-- ASSIGNMENT --
Of the lines in the data below, write out exactly those from the one holding "Le Domaine De" through the one holding "5 Hackett Road, Abbotsbury NSW 2176", both included.

-- INFORMATION GIVEN --

○ ○ ○ ○ ○ ○ ○

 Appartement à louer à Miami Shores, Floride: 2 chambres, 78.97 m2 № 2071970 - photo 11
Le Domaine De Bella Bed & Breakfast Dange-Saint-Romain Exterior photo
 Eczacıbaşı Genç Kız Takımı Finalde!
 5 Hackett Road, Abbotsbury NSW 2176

○ ○ ○ ○ ○ ○ ○

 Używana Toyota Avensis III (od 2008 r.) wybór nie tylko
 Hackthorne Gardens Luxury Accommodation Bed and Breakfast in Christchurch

○ ○ ○ ○ ○ ○ ○

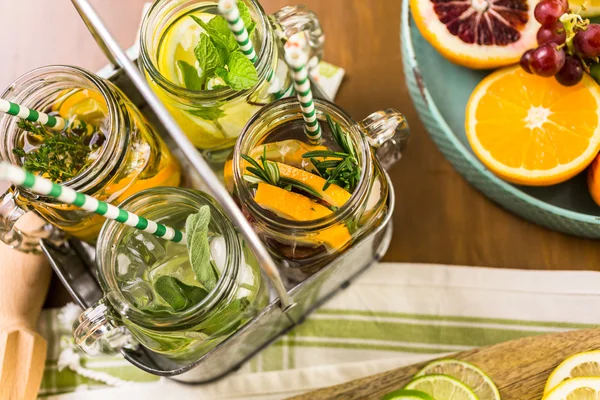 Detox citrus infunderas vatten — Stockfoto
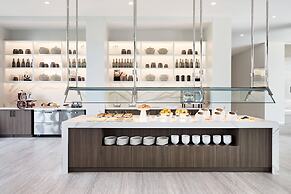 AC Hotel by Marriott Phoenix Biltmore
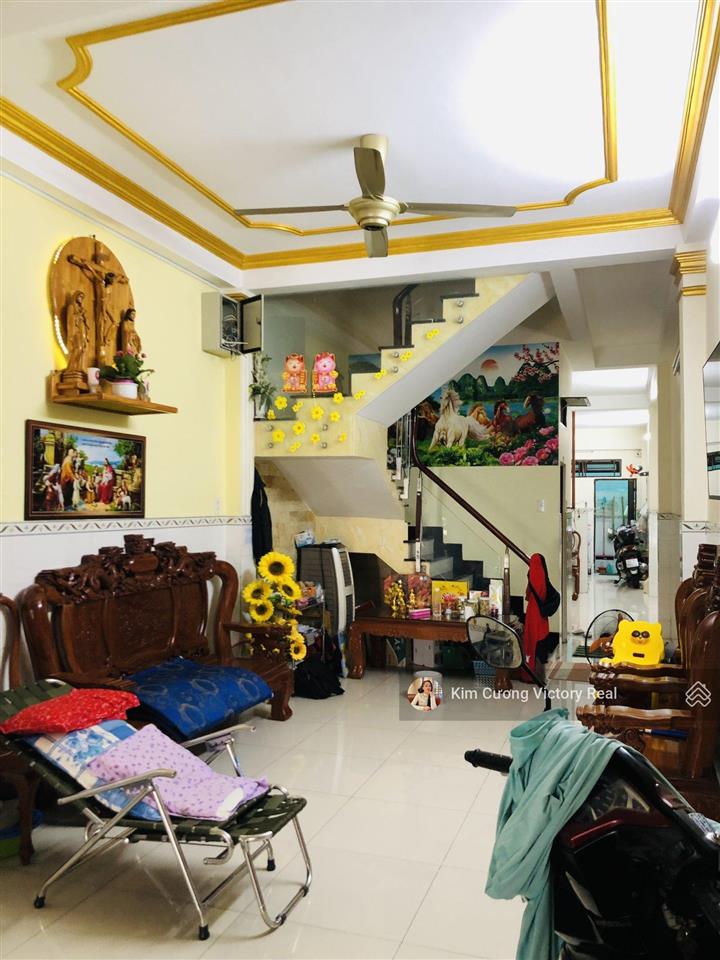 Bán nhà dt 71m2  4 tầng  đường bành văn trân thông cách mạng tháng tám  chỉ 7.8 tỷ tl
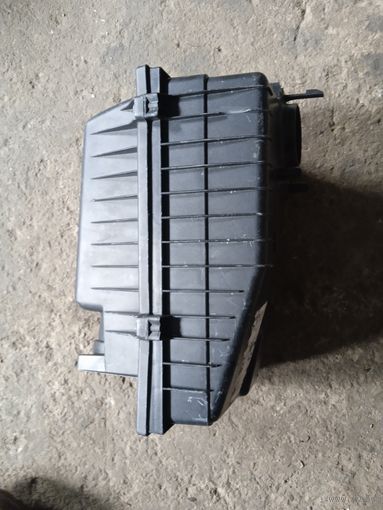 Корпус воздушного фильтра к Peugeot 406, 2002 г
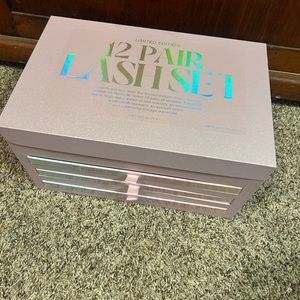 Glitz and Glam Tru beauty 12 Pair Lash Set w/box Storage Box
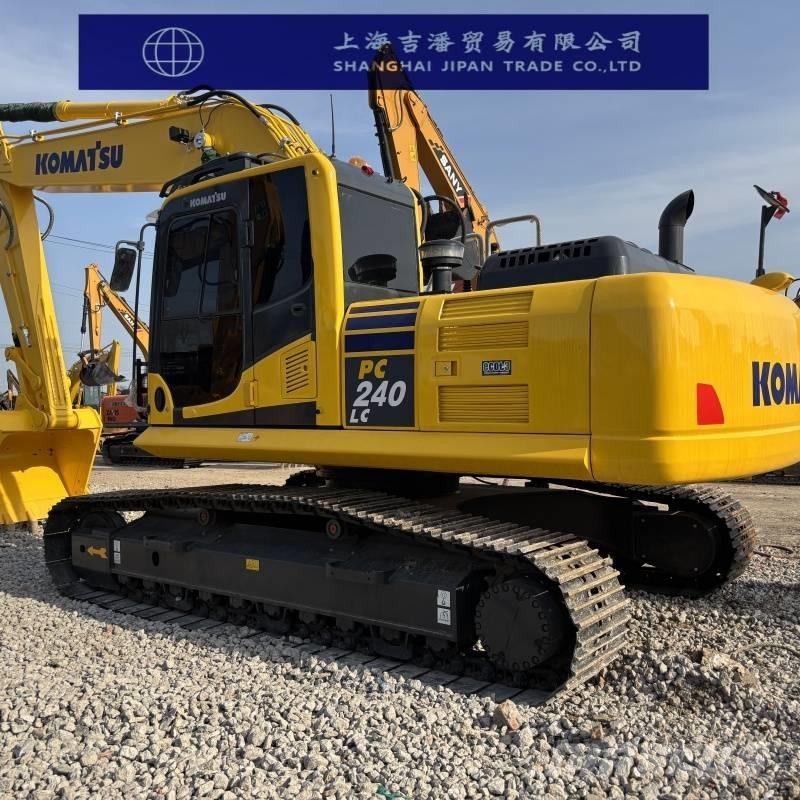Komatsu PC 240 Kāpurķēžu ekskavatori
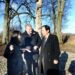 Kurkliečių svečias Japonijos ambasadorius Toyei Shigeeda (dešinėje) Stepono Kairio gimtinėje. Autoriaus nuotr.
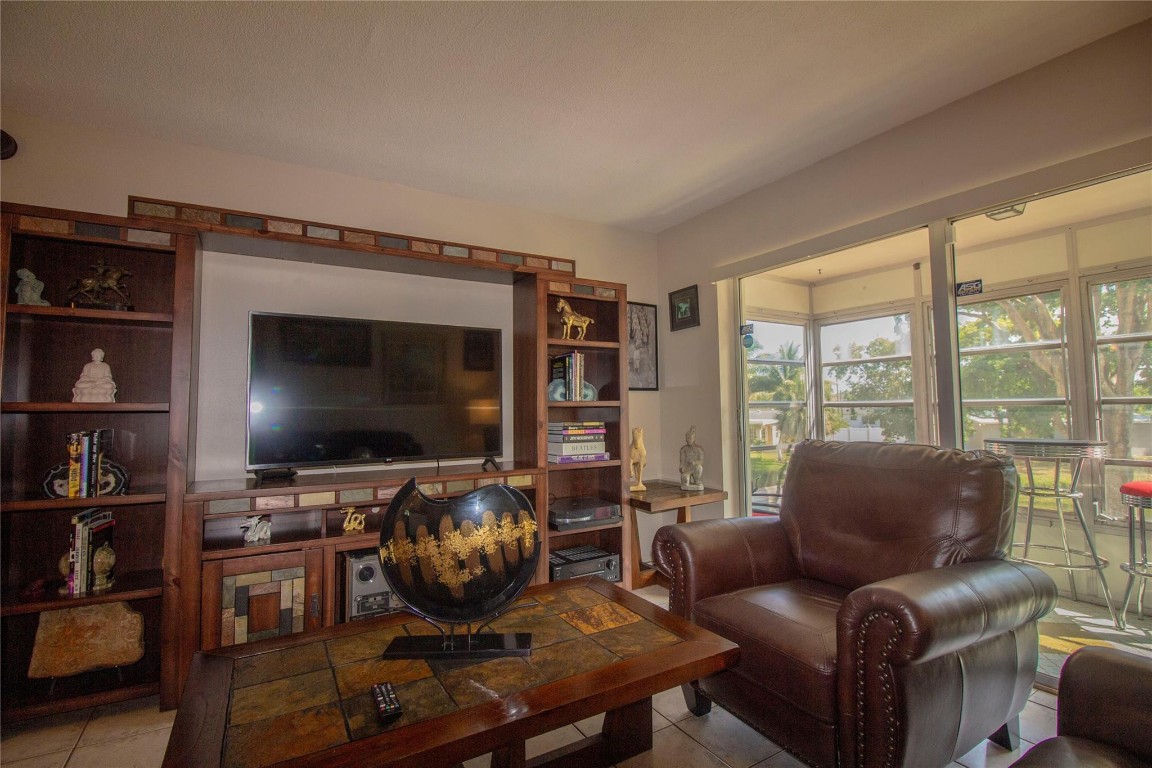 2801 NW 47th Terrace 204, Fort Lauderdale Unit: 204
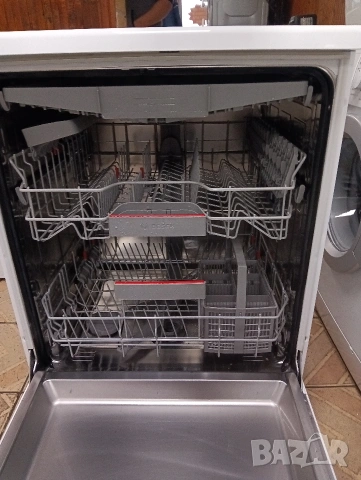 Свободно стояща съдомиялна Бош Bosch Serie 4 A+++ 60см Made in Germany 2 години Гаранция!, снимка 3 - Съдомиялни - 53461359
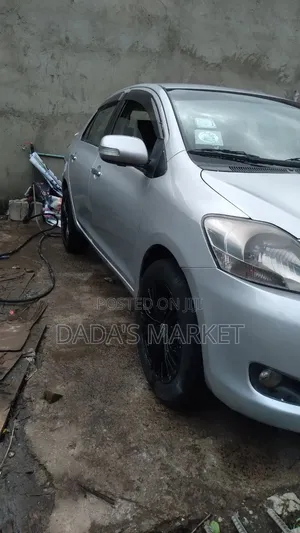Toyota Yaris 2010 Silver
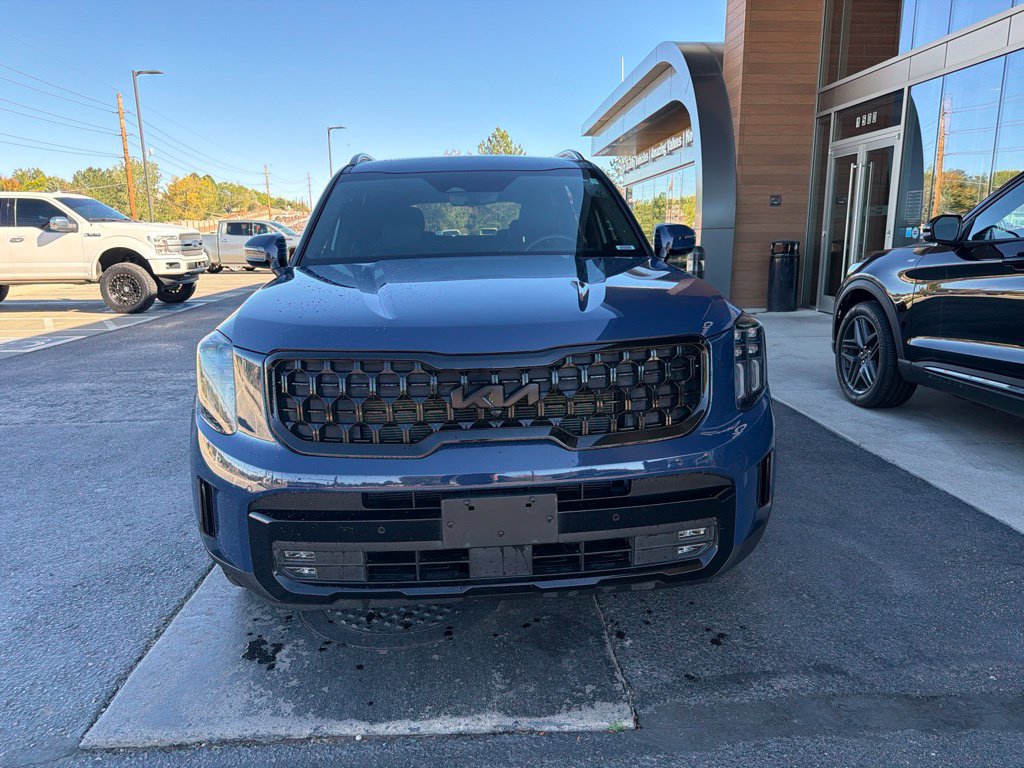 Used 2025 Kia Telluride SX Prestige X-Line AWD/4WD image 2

○ ○ ○ ○ ○ ○ ○

-- ANSWER TO THIS EXERCISE --
Le Domaine De Bella Bed & Breakfast Dange-Saint-Romain Exterior photo
 Eczacıbaşı Genç Kız Takımı Finalde!
 5 Hackett Road, Abbotsbury NSW 2176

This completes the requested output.